=== Exercise brief ===
Once you find the line with "Een deel van" in the data below, transcribe exactly each line from there to the line with "white tile and bathtub", inclusive, and nothing else. Drop the pictures.

=== Records to use ===
-=-=-=-=-

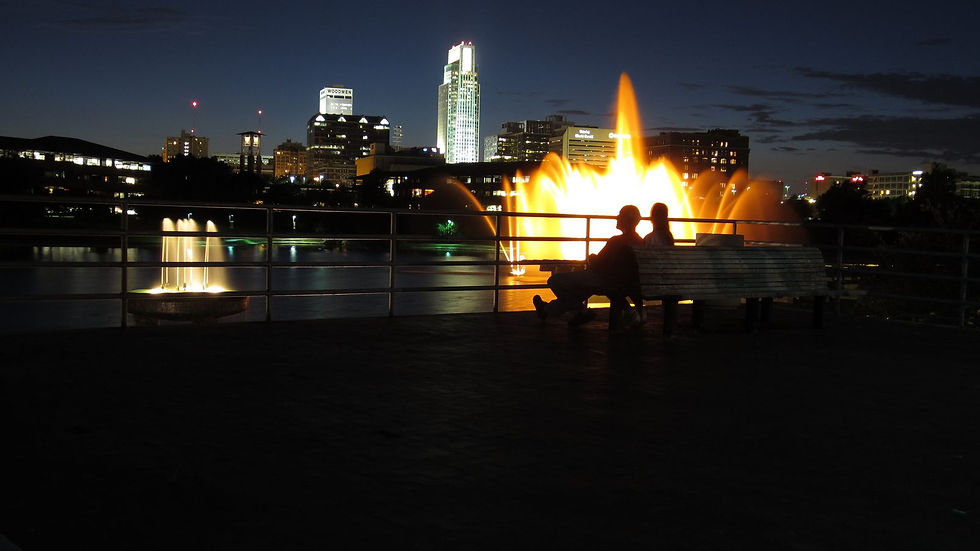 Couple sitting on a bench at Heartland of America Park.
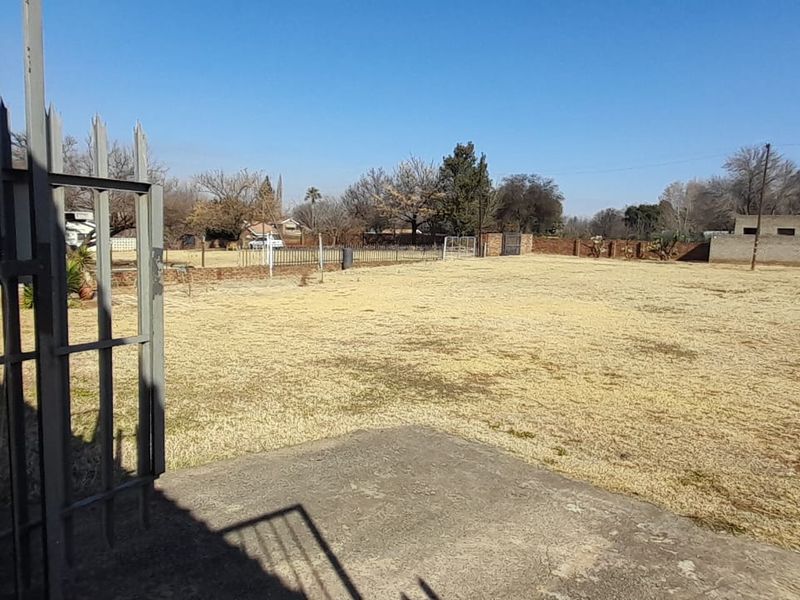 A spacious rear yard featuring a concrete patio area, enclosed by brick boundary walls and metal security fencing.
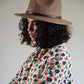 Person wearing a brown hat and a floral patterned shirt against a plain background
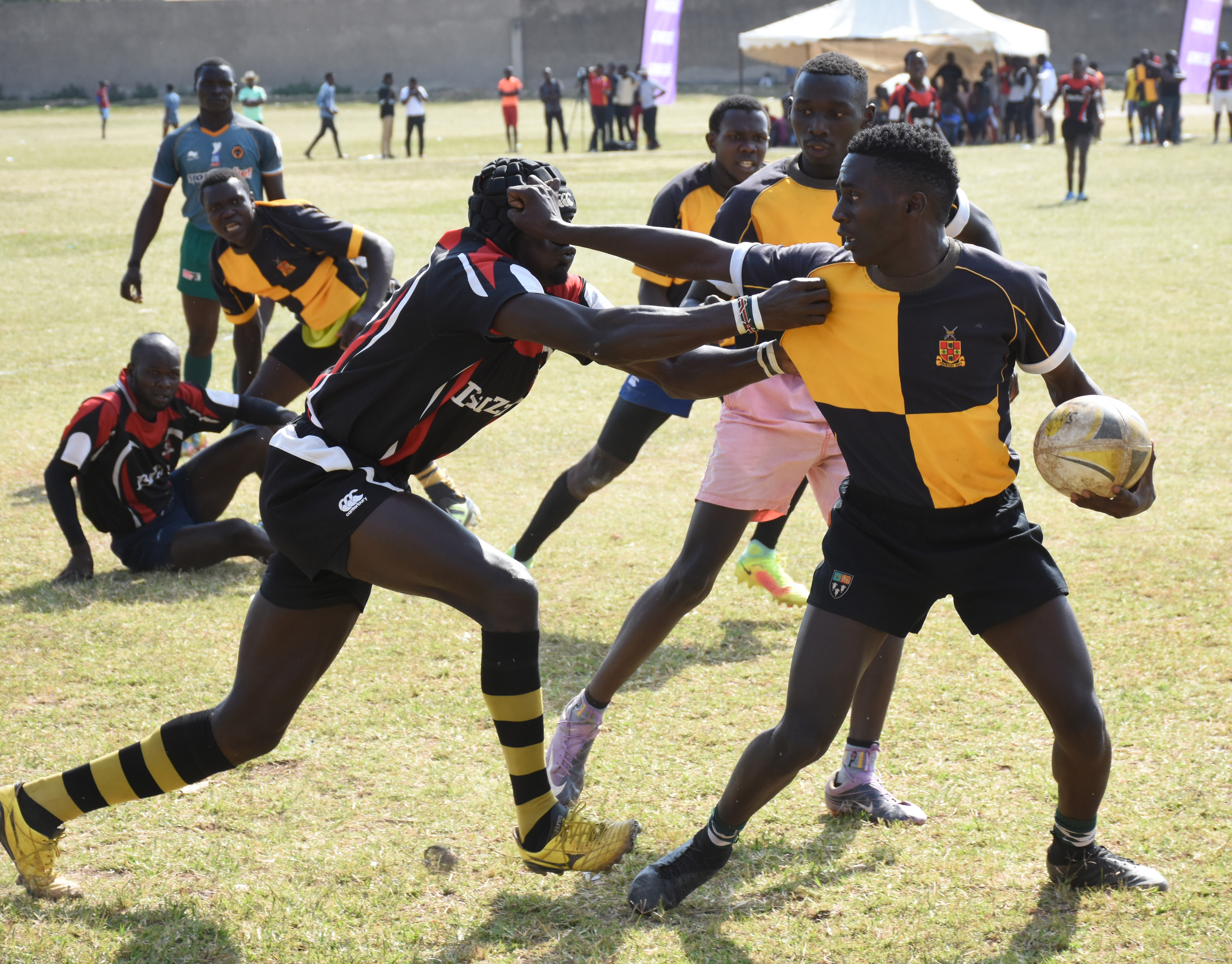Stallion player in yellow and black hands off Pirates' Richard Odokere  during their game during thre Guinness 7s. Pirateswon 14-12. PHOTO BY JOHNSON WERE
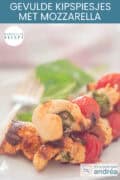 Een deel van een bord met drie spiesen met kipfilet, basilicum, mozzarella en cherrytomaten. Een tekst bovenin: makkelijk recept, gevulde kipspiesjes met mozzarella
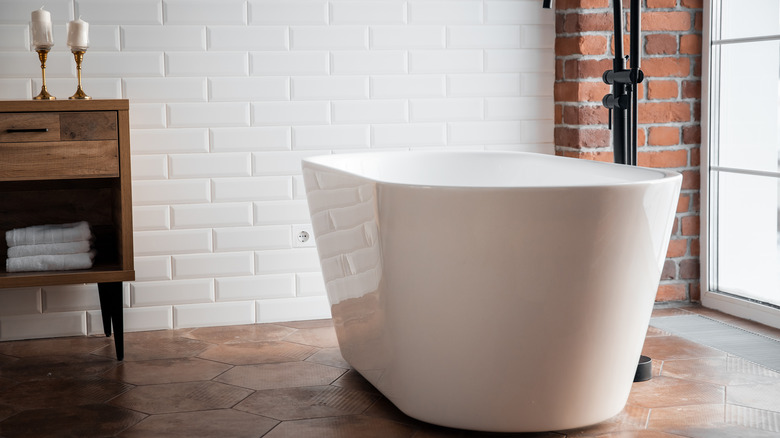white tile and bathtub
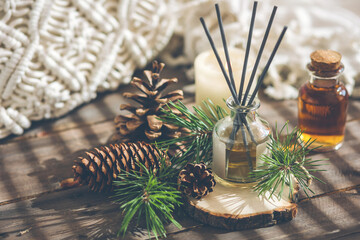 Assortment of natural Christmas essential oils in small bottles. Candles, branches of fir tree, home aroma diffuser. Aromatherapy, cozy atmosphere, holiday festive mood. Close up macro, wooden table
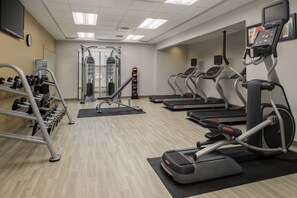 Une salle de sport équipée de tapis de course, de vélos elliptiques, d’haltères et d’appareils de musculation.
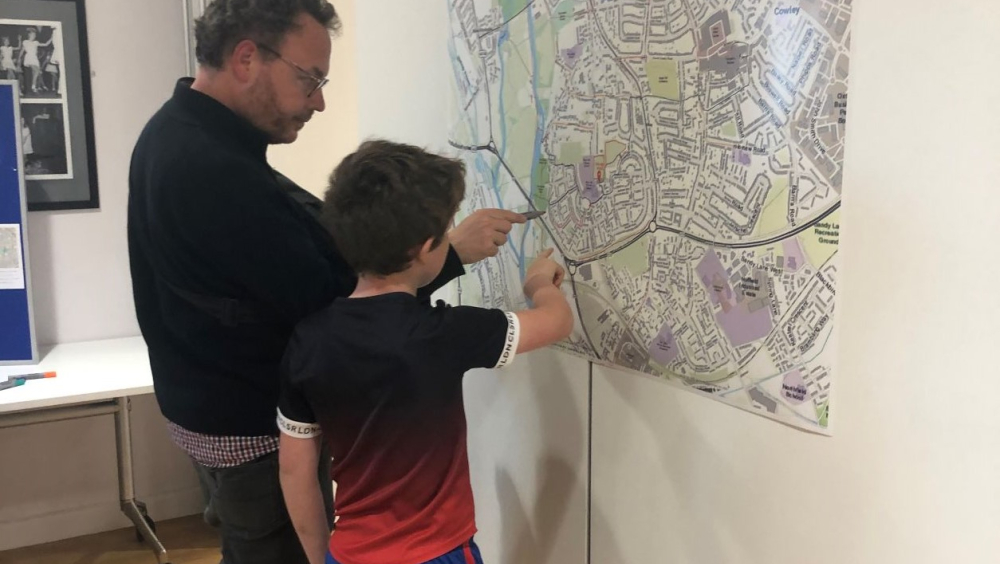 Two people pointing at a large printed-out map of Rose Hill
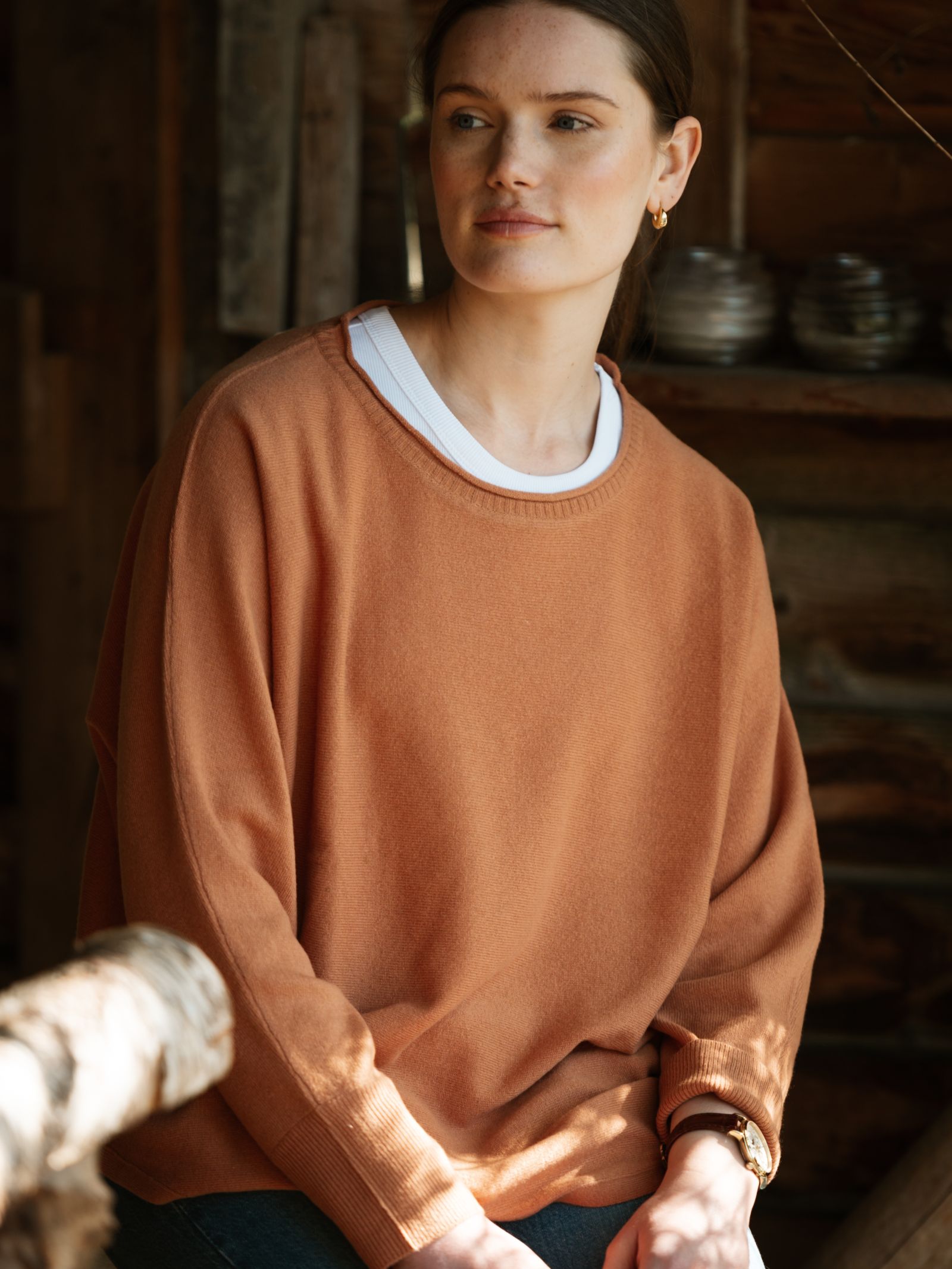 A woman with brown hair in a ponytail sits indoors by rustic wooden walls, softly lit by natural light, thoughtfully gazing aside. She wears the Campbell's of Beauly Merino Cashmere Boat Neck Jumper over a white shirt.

-=-=-=-=-

=== Written response ===
 Een deel van een bord met drie spiesen met kipfilet, basilicum, mozzarella en cherrytomaten. Een tekst bovenin: makkelijk recept, gevulde kipspiesjes met mozzarella
white tile and bathtub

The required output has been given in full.